In the embodiment, when the volume of the first table set is smaller than the capacity of the first database 300a of the distributed data cluster 300, the transfer module 105 can transfer the primary keys and the foreign keys of the first table set to the first database 300a. Then, the transfer module 105 can re-order the rest of columns in the first table set according to execution frequencies of the queries being recorded in the query result, and the transfer module 105 can transfer the re-ordered columns of the first table set to the first database 300a of the distributed data cluster 300.

In the embodiment, when the transfer module 105 accomplishes the transfer process for transferring the first table set to the first database 300a, the decision module 104 can initialize another transfer process. The transfer module 105 can select one of the data tables with the second highest access rate as a third target table and select another data table highly correlated to the third target table as a fourth target table. The third target table and the fourth target table being selected forms a second table set. Based on the performance result, the decision module 104 can select the first database 300a, the second database 300b, or the third database 300c from the distributed data cluster 300 as the transfer target of the second table set. Then, the transfer process will be handled to the transfer module 105. In the same manner, the transfer module 105 can determines whether the transfer target is available to store the second table set. If the capacity of the transfer target cannot fit the second table set, the transfer module 105 can further determine if it is possible to divide the second table set and proceed with the transfer process.

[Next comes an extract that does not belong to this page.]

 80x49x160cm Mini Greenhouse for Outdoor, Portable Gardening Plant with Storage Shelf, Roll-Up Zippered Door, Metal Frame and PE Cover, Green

It should be noted, in one embodiment of present disclosure, the data allocating system 100 includes a processor (not shown) and a memory (not shown). In the embodiment, the processor can be the central processing unit (CPU) of a computing device, which can be programmed to interpret computer instructions, to process computer software, and to execute multiple computing procedures. In the embodiment, the memory includes primary storages and secondary storages. The processor can be associated with the memory of the data allocating system 100. The processor is configured to load instructions from the memory and to execute the instructions. It is noted, the correlation analyzing module 101, the query analyzing module 102, the performance analyzing module 103, the decision module 104, and the transfer module 105 comprised by the data allocating system 100 are blocks of the processor. When the processor of the data allocating system 100 executes said instructions, the correlation analyzing module 101, the query analyzing module 102, the performance analyzing module 103, the decision module 104, and the transfer module 105 of the data allocating system 100 are driven to perform the functions mentioned in foregoing embodiments. The functions of each module can be referenced to foregoing embodiments and will not be repeated here again.

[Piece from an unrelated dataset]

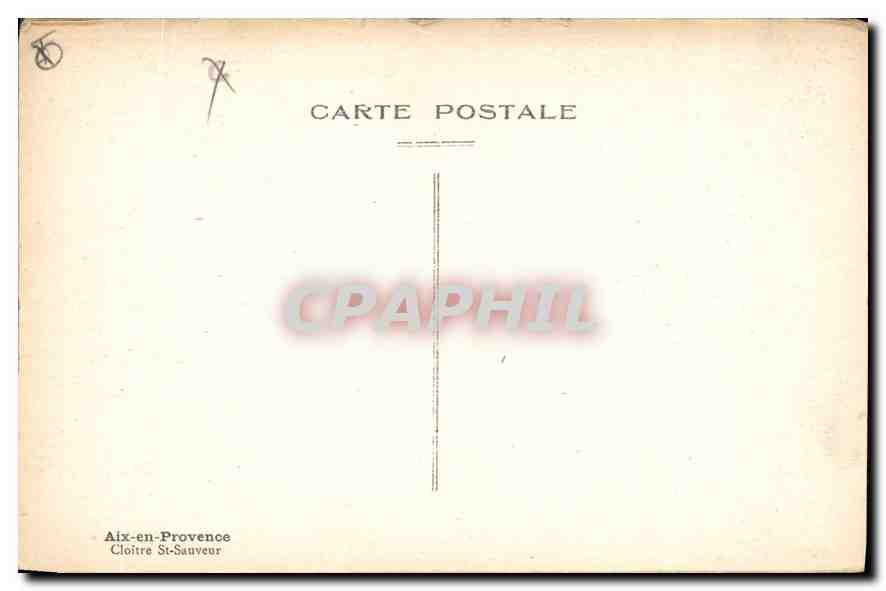 Cloître Saint-Sauveur — Aix-en-Provence — éditeur CPAPHIL — Verso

FIG. 3 is a schematic diagram of references among several data tables illustrated according to some embodiments of the present disclosure. In the embodiment, the system configuration of the data allocating system 100, the relational database 200, and the distributed data cluster 300 can be referenced to FIG. 1. In one embodiment, there are eight data tables being stored in the relational database 200 and the references among these data tables are shown in FIG. 3. The formats of these data tables are listed as follows: the first data table T1 is named as PART, which is sized as 24 MB and includes 200 thousand columns of records; the second data table T2 is named as PARTSUPP, which is sized as 114 MB and includes 800 thousand columns of records; the third data table T3 is named as LINEITEM, which is sized as 725 MB and includes 6 million columns of records; the fourth data table T4 is named as SUPPLIER, which is sized as 1.4 MB and includes 10 thousand columns of records; the fifth data table T5 is named as CUSTOMER, which is sized as 24 MB and includes 150 thousand columns of records; the sixth data table T6 is named as ORDERS, which is sized as 164 MB and includes 150 thousand columns of records; the seventh data table T7 is named as NATION, which is sized as 2.2 KB and includes 25 columns of records; the eighth data table T8 is named as REGION, which is sized as 389 Byte and includes 5 columns of records.

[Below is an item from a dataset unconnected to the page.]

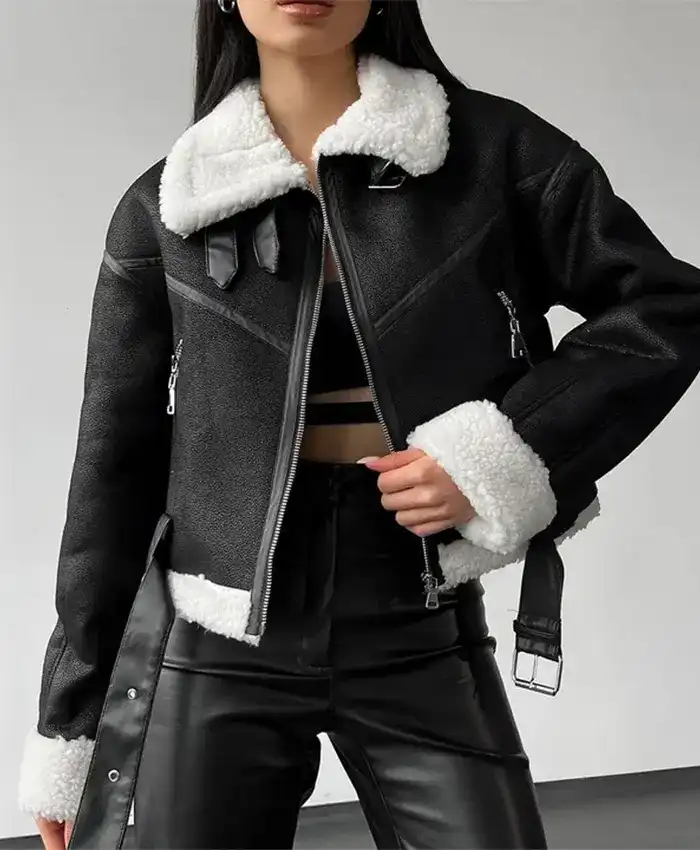 Janet Black Sheepskin Shearling White Jacket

In the embodiment, the data allocating system 100 includes the correlation analyzing module 101, the query analyzing module 102, the performance analyzing module 103, the decision module 104, and the transfer module 105. The data allocating system 100 is communicatively coupled to the relational database 200 and the distributed data cluster 300. In the embodiment, the data allocating system 100 is configured to transfer aforementioned data tables from the relational database 200 to the first database 300a, the second database 300b, or the third database 300c of the distributed data cluster 300. It is noted, if the transfer process for transferring these data tables from the relational database 200 to the distributed data cluster 300 is done by a prior art, the result of the transfer process can be listed below: the first data table T1 and the seventh data table T7 are transferred to the first database 300a; the fourth data table T4 and the fifth data table T5 are transferred to the second database 300b; the second data table T2 and the eighth data table T8 are transferred to the third database 300c; and, the third data table T3 and the sixth data table T6 are remained in the relational database 200.

In the embodiment, the correlation analyzing module 101 is configured to analyze the data tables stored in the relational database 200 for the types of the data tables and the sizes of the data tables. In this case, the sizes of the data tables are shown in the paragraph above. The correlation analyzing module 101 is configured to analyze the data tables stored in the relational database 200 based on a dependency structure matrix so as to generate the correlation result with respect to the data tables. The query analyzing module 102 is configured to analyze log records of the relational database 200, extract multiple queries being frequently executed to access the data tables, and generate the query result based on the frequently used queries. In the embodiment, the performance analyzing module 103 is configured to select some testing tables from the data tables, copy the testing tables to each data nodes of the distributed data cluster 300, and generate the performance result according to the execution times that the query result being applied to the testing tables in each database. However, in the embodiment, the query result includes some complicate queries such as Sum query, Avg query, or Order By query, etc.

In the embodiment, the performance result that the performance analyzing module 103 tests the first database 300a, the second database 300b, and the third database 300c is shown below: the CPU time that the execution of the query result being applied to the first database 300a is 54 s 260 ms, and its total time is 102 s; the CPU time that the execution of the query result being applied to the second database 300b is 70 s 840 ms, and its total time is 119 s; and, the CPU time that the execution of the query result being applied to the third database 300c is 68 s 580 ms, and its total time is 115 s. in the embodiment, the decision module 104 is configured to select some data tables to be transferred from the relational database 200 to the first database 300a, the second database 300b and the third database 300c of the distributed data cluster 300 based on the correlation result, the query result and the performance result. The decision module 104 is configured to select one data table with high access rate and another data table in correlation with that data table as the data tables to be transferred to the distributed data cluster 300. Then, the data tables being selected are handled to the transfer module 105 for the transfer process.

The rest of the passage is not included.